The other day I was reminded that I have been drawn to images even before I was 6 years old. I asked my mother for a camera when she asked what I wanted for my 6th birthday gift. She got me a disposable Kodak but never allowed me to use it. My guess now is that at the time I was fascinated, as I still am, by how photography enables you to see things and people outside of themselves and from multiple perspectives, as if you’re playing God, all-seeing and omnipresent.
Fast forward to summer 2015: my first real long vacation from school; when I had the time and the camera to explore photography in a way that was true to my voice. Because literature was my first passageway into the world of art, I approached photography through a lot of reading (especially Teju Cole’s essays) and was introduced into this way of seeing that cared about everything. I was also reading a lot of other literature at the time (Igbo poetry, magical realist novels, Chinua Achebe’s essays, etc.) that dared me to hold my glances on for a little longer every time I went out with a camera. They promised me that all I was used to seeing was not all there was and that in everything and everywhere, there was at least value and at most beauty. I remember going out one afternoon to take pictures of the buildings in my estate and when I got back home, my father asked me “And what is the point of all this?” Embarrassed, I answered, “so that when things have changed, 100 years from now, who knows, people can see these pictures and know these buildings were here.” I remember agreeing with his facial expression, that I made no sense; the way things stand before us so decidedly, you would think they were eternal.

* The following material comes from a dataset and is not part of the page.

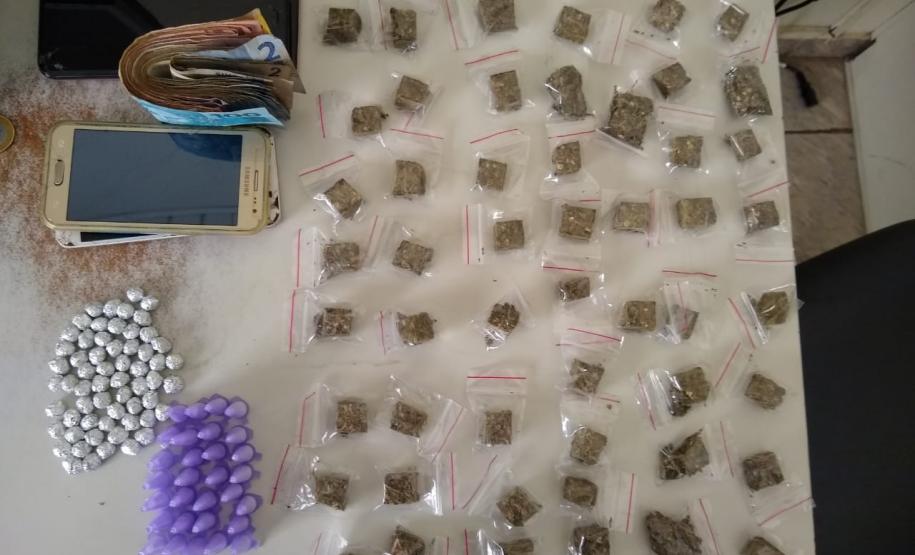 No Norte do estado, PM prende dupla e apreende mais de 100 porções de drogas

It’s been two years since then and I am still in the process of understanding my pull to photography. When next I am in Enugu, I will take more pictures of my estate buildings and the things and people on the road and the churches and – not the market, never the market, I’m still too scared. And when people ask me why? I will tell them with a lot more confidence backed by knowledge “so that when things have changed, 100 years from now, who knows, people can see these pictures and know all of this was here.” I will also add that it is also for us, here, now, and elsewhere to see ourselves, outside of ourselves. To see that when we look up from our lives, this is what we look like and this is what other human beings like us look like, that this is what we have been and this is what we could be. That this is what we and others, in the past and elsewhere, have made of the world around us and this is what we can make of this world around us.

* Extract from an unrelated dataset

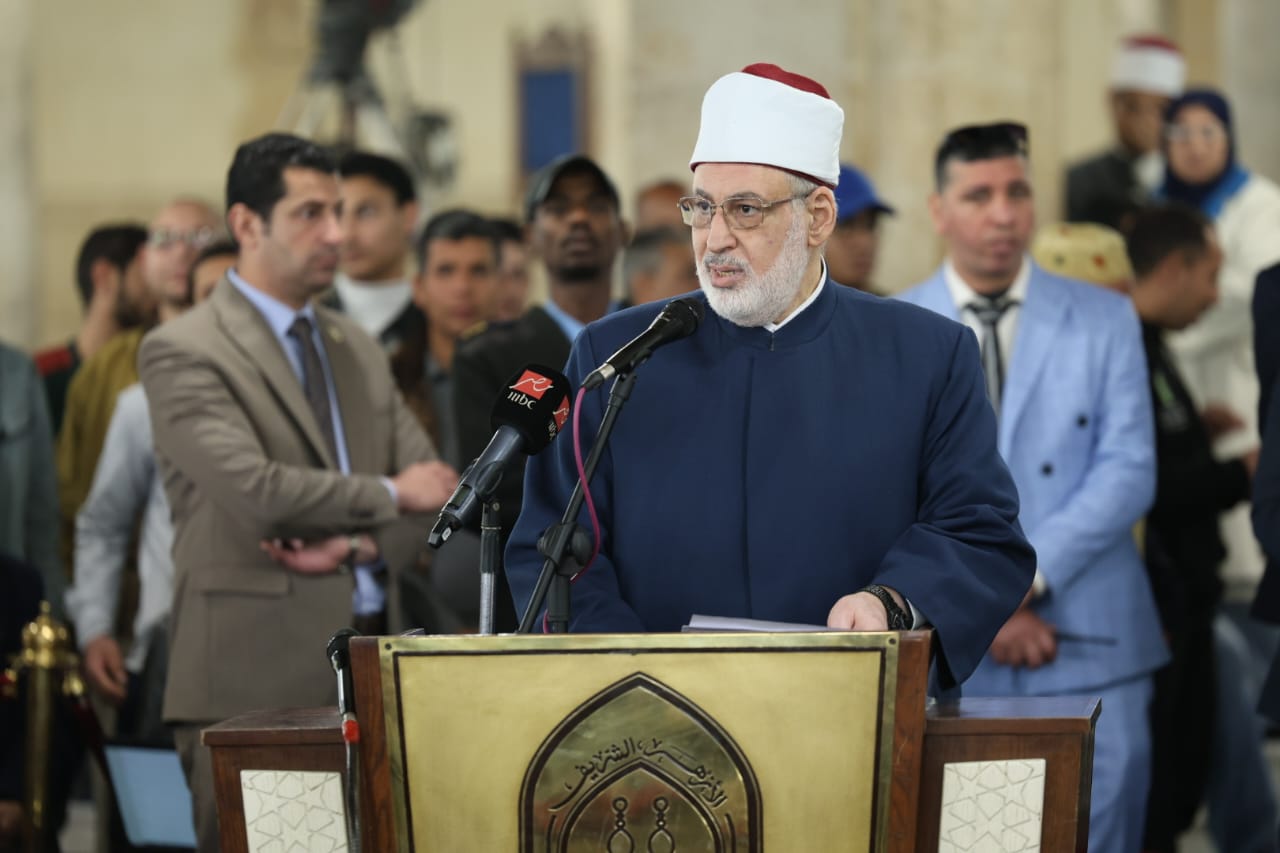 في ذكرى التأسيس.. «الطيب»: أدعو الله أن يبقى الأزهر بيتًا للأمة بجميع أطيافها ومكوناتها 3 في ذكرى التأسيس.. «الطيب»: أدعو الله أن يبقى الأزهر بيتًا للأمة بجميع أطيافها ومكوناتها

My photography is concerned with this, but not just. It makes sense that art—the produce of culture, the distilled divine—can be extracted from everything. I have come to believe that everything can tell us something about ourselves or at least speak to us, in a way that is valuable to our understanding of ourselves and the world around us. I am also interested in learning and exploring the language of aesthetics and the visual image because we as human beings speak it, and I’m trying to understand us better.